Hours after the release of a Justice Department report that said that Arizona Sheriff Joe Arpaio fueled a culture of anti-Latino bias in his office, the Department of Homeland Security said it was kicking him out of an immigration enforcement program.
Secretary Janet Napolitano said Thursday the department is ending an agreement with the Maricopa County sheriff's office that allowed trained deputies to enforce immigration laws.
It's also restricting the office's use of the Secure Communities program, which uses fingerprints collected in local jails to identify undocumented immigrants.
Napolitano's announcement came shortly after the Justice Department released a scathing report accusing Sheriff Joe Arpaio and his office of committing a wide range of civil rights violations against Latinos.

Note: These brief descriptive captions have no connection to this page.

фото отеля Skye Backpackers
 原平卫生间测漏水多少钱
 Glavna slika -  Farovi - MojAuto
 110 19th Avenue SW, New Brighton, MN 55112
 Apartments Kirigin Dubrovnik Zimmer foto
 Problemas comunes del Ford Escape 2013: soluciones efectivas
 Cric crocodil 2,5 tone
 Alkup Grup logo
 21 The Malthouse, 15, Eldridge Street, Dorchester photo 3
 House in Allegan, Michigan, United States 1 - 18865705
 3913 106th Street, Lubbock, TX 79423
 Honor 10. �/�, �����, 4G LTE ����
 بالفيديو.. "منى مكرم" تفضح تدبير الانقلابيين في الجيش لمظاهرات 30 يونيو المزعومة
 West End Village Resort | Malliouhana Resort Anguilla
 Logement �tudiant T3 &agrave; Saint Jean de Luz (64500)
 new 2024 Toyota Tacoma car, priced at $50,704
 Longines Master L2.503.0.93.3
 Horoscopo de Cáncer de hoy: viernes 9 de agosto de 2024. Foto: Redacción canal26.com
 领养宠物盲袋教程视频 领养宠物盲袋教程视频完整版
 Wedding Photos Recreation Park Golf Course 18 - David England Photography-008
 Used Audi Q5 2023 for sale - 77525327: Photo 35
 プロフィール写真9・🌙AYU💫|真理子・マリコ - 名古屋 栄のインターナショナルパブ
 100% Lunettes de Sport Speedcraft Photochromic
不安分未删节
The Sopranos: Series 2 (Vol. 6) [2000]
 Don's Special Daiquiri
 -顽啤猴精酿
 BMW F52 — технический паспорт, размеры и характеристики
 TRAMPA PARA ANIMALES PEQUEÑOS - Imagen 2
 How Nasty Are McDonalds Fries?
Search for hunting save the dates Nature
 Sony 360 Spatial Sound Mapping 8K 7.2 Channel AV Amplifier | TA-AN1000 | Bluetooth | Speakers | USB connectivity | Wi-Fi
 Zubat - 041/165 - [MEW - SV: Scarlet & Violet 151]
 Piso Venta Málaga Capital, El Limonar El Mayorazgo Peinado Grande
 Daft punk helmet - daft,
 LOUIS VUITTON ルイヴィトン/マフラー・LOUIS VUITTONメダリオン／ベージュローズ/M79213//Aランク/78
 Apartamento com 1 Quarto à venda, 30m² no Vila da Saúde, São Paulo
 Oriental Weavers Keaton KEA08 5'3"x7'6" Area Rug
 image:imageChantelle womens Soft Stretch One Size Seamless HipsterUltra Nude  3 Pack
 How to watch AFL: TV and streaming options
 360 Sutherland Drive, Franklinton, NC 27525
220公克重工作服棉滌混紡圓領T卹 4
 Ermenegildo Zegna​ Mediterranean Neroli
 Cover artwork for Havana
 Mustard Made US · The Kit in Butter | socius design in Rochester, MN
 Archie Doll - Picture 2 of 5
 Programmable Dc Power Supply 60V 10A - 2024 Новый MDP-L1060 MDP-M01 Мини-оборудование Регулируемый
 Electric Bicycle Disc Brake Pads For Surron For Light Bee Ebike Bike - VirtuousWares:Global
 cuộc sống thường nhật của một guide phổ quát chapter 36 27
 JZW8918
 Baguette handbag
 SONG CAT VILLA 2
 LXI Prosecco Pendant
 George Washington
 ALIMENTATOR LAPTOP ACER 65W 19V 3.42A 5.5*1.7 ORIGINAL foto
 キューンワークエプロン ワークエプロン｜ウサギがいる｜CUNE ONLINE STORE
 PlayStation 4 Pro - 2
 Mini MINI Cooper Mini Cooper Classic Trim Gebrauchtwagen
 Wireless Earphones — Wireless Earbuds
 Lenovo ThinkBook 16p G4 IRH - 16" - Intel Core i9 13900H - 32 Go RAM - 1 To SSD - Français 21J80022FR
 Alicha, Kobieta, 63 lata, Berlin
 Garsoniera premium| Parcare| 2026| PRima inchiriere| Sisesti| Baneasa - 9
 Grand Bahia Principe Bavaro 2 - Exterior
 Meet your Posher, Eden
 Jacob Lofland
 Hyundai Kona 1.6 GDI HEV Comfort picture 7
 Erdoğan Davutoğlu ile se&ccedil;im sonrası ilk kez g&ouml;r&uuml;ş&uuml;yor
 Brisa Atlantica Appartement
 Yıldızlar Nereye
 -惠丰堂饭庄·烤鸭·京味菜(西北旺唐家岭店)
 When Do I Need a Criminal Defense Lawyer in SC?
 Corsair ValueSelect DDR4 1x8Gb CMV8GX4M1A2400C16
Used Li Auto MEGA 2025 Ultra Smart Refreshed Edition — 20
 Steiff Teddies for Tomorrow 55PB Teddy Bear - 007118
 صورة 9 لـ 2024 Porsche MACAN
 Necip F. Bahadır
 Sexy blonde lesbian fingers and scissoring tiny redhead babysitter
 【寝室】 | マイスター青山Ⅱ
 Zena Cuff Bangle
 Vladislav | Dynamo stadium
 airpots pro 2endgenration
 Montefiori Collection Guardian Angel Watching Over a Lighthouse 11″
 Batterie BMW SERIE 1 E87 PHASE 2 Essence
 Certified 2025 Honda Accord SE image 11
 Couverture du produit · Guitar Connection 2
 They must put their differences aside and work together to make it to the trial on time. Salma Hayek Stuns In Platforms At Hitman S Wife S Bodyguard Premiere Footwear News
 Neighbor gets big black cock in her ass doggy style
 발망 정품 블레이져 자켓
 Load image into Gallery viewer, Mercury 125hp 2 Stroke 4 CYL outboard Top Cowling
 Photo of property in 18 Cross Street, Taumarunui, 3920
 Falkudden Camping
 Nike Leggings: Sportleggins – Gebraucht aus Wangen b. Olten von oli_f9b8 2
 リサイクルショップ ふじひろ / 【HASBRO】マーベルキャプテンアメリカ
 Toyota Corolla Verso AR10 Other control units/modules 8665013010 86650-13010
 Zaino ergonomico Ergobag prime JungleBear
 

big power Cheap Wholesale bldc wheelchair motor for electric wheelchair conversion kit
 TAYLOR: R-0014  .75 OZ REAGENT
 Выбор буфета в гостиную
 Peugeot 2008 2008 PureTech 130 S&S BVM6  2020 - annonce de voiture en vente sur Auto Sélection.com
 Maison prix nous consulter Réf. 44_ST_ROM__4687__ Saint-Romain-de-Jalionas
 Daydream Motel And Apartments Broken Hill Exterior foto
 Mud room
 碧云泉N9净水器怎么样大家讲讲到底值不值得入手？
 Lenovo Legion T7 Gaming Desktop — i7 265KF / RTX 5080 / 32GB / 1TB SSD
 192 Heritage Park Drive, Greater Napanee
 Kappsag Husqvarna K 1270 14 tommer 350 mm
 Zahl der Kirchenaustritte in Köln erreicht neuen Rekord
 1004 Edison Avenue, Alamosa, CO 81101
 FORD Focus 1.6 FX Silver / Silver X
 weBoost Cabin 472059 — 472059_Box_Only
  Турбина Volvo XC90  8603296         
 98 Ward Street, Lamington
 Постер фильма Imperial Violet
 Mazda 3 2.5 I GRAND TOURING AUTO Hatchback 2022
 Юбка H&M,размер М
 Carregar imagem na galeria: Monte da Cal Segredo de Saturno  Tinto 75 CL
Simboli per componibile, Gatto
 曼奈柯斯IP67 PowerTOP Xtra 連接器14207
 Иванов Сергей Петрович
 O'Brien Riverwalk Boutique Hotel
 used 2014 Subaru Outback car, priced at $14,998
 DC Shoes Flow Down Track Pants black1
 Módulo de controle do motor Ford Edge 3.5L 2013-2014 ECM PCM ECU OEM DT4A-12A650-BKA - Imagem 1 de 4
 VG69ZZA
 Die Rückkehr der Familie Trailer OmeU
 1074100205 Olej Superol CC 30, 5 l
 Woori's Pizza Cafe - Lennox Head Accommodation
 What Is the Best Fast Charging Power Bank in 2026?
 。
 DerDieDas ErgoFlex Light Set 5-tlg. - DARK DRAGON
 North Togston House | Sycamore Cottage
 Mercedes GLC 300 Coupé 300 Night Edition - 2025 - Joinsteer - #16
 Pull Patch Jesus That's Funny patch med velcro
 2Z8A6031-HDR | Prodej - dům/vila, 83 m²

The report, which includes findings from a three-year investigation by the federal agency, says the Arizona sheriff's office engaged in a pattern of racial profiling and discrimination, and carried out heavy-handed immigration patrols based on racially charged citizen complaints
The Justice Department's conclusions in the civil probe mark the federal government's harshest rebuke of a national political fixture who has risen to prominence for his immigration crackdowns and became coveted endorsement among candidates in the GOP presidential field.
Arpaio has prided himself on being as unceasingly tough on crime and pushing the bounds of how far local police can go to confront illegal immigration. He has been a hero to conservatives who prefer a tough approach to illegal immigration, and a worst-case scenario symbol for immigration advocates who oppose the trend of local officials enforcing immigration laws.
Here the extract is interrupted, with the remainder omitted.